**WORK INSTRUCTION**
Starting at the top of the data and ending with the line that holds "Portia & Scarlett", transcribe each line exactly; include both ends.

-=-=-

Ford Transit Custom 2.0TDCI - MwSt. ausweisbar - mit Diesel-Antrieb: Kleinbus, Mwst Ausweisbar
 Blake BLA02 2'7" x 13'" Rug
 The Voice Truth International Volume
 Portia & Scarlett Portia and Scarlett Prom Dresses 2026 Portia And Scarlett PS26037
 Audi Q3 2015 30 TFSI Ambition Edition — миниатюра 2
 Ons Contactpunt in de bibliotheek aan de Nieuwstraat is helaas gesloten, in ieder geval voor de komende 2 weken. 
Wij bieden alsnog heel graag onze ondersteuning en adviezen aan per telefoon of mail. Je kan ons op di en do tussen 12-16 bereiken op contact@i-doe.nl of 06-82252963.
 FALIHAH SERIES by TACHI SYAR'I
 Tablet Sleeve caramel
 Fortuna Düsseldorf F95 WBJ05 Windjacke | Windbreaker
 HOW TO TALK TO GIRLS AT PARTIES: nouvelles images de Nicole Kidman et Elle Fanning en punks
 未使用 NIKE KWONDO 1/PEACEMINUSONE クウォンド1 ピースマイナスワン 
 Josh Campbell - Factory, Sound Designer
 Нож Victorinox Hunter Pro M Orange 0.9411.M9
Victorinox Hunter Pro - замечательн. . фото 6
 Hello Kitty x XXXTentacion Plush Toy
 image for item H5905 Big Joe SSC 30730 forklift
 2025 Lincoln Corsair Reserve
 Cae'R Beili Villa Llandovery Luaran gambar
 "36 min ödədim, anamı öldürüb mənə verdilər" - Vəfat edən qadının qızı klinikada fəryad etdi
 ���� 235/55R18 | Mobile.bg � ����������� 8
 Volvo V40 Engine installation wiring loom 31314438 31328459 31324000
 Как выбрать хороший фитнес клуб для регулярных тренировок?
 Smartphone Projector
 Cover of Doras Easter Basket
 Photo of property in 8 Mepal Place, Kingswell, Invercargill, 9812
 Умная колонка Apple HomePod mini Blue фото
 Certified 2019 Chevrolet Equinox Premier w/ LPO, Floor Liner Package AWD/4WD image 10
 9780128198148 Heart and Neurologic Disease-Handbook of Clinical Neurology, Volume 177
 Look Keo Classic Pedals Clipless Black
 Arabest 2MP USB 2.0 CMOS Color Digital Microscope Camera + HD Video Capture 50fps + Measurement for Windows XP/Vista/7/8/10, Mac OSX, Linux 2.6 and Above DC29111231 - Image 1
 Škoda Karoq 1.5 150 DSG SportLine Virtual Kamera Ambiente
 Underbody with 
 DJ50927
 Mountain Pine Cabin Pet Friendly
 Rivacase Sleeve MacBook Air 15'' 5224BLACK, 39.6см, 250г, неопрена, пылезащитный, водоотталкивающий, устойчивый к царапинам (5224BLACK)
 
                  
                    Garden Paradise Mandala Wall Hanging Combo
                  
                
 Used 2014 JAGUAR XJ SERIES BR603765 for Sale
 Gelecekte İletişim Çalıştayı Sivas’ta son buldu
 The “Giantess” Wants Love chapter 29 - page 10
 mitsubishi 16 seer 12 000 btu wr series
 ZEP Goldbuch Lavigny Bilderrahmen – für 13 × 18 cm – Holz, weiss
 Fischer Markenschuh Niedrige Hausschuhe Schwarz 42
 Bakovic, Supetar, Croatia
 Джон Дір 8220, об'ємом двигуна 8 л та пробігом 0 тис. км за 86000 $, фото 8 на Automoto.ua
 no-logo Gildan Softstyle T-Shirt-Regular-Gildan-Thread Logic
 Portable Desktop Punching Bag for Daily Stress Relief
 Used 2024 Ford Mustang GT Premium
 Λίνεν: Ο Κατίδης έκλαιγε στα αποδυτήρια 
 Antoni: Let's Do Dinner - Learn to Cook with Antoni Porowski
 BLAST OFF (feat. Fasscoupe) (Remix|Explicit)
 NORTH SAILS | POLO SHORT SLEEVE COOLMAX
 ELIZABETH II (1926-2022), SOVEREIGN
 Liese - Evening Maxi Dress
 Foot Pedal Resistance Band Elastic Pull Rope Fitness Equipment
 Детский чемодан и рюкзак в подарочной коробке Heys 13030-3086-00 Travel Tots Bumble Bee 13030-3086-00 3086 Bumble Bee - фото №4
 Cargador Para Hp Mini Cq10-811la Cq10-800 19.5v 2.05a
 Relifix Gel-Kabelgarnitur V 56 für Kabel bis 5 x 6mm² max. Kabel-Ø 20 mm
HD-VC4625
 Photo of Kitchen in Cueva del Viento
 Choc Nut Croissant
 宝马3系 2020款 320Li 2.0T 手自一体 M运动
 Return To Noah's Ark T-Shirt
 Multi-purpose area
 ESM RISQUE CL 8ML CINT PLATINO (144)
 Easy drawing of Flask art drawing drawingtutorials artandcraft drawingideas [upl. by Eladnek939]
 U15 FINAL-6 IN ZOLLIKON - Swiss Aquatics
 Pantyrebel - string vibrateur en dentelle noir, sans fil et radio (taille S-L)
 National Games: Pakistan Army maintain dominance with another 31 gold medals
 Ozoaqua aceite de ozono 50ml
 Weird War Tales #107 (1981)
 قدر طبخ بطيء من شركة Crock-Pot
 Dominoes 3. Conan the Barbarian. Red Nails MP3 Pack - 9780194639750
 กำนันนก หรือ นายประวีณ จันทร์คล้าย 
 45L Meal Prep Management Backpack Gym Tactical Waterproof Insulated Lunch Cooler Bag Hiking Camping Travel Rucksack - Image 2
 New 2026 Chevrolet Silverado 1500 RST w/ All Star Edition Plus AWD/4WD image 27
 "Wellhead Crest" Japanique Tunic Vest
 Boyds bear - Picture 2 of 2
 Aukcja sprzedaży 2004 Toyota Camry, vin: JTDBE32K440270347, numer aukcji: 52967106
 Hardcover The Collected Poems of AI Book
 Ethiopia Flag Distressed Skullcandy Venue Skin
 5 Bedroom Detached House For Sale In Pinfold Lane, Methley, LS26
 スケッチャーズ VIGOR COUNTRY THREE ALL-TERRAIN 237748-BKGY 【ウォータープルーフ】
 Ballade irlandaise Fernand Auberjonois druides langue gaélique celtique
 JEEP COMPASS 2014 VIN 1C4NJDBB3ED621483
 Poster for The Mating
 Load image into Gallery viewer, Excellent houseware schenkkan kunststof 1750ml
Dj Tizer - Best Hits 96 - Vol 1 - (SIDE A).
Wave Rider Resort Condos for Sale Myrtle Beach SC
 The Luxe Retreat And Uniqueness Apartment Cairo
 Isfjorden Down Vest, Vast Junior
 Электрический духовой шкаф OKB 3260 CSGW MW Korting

-=-=-

**TASK ANSWER**
Ford Transit Custom 2.0TDCI - MwSt. ausweisbar - mit Diesel-Antrieb: Kleinbus, Mwst Ausweisbar
 Blake BLA02 2'7" x 13'" Rug
 The Voice Truth International Volume
 Portia & Scarlett Portia and Scarlett Prom Dresses 2026 Portia And Scarlett PS26037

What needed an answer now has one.